Being a part of an online fandom is to enter into a secret society, where you’ll learn a new language of secret code words and acronyms, share in-jokes and references, and find yourself a tribe of people who understand a part of your identity so often misunderstood in the real world. It’s a place where your obsession isn’t just accepted, it’s encouraged, rewarded. Why wouldn’t you spend that money on that rare collector’s item? Of course you need to go to multiple concerts! Within fandoms, we spend a lot of time talking about “locals” -- people who don’t understand standom. They don’t get it.

“Whenever things are going wrong, I’m just like ‘boy bands are the answer’,” says one of the fans in the film.

The film does a great job of displaying the duality of how fandom works as both a comfort and an escape. The last eight years of my life have been taken up with chronic pain and mental health struggles, but Britney and my fandom have been a continuous source of strength, comfort and escapism for me through it all. I draw strength from seeing Britney battle her own demons, I find comfort in her performances, her interviews and music, and logging onto Twitter and seeing what my fellow stans are laughing about at any given moment never fails to lift my mood.

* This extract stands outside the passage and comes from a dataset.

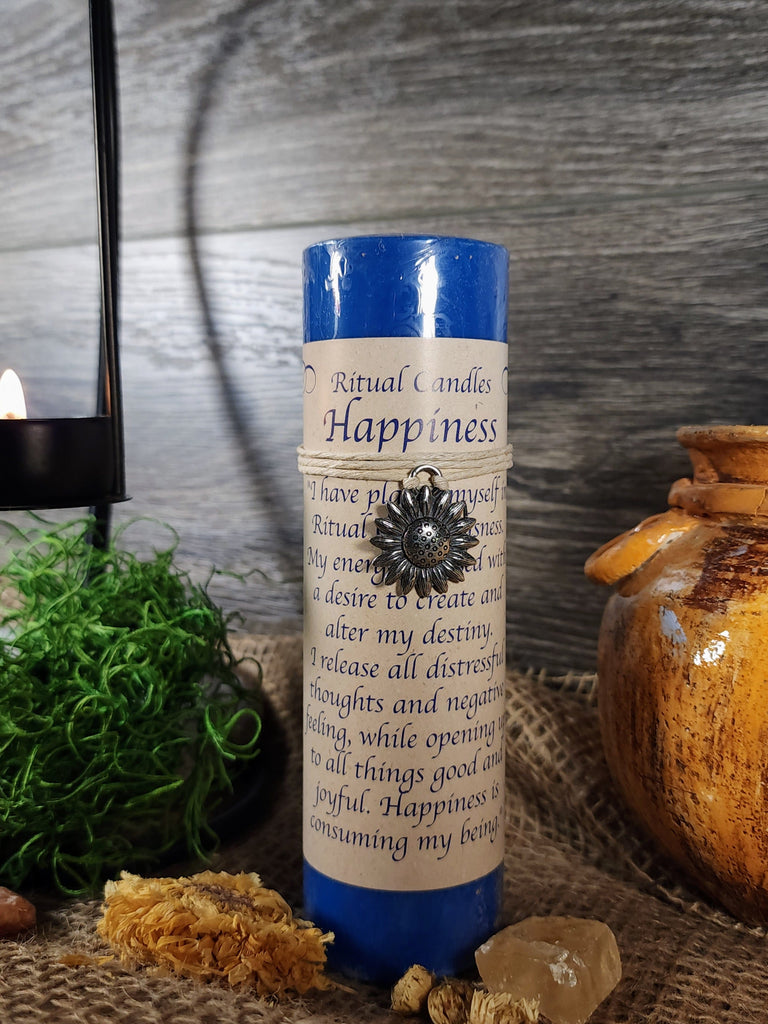 Happiness Candle Spell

Being a fan, sinking down into the rabbit hole of fandom, it gives me a place to run to when the real world seems too bleak -- if I don’t want to think about what’s going on in my actual life, I can just sink a few hours into any of the unsolved mysteries of Britney’s career.

“I used to be normal!” gasps one of the fangirls in the film.

Maybe I was once, too, but I wouldn’t change it for anything.

I Used To Be Normal: A Boyband Fangirl Story is in selected cinemas on November 22.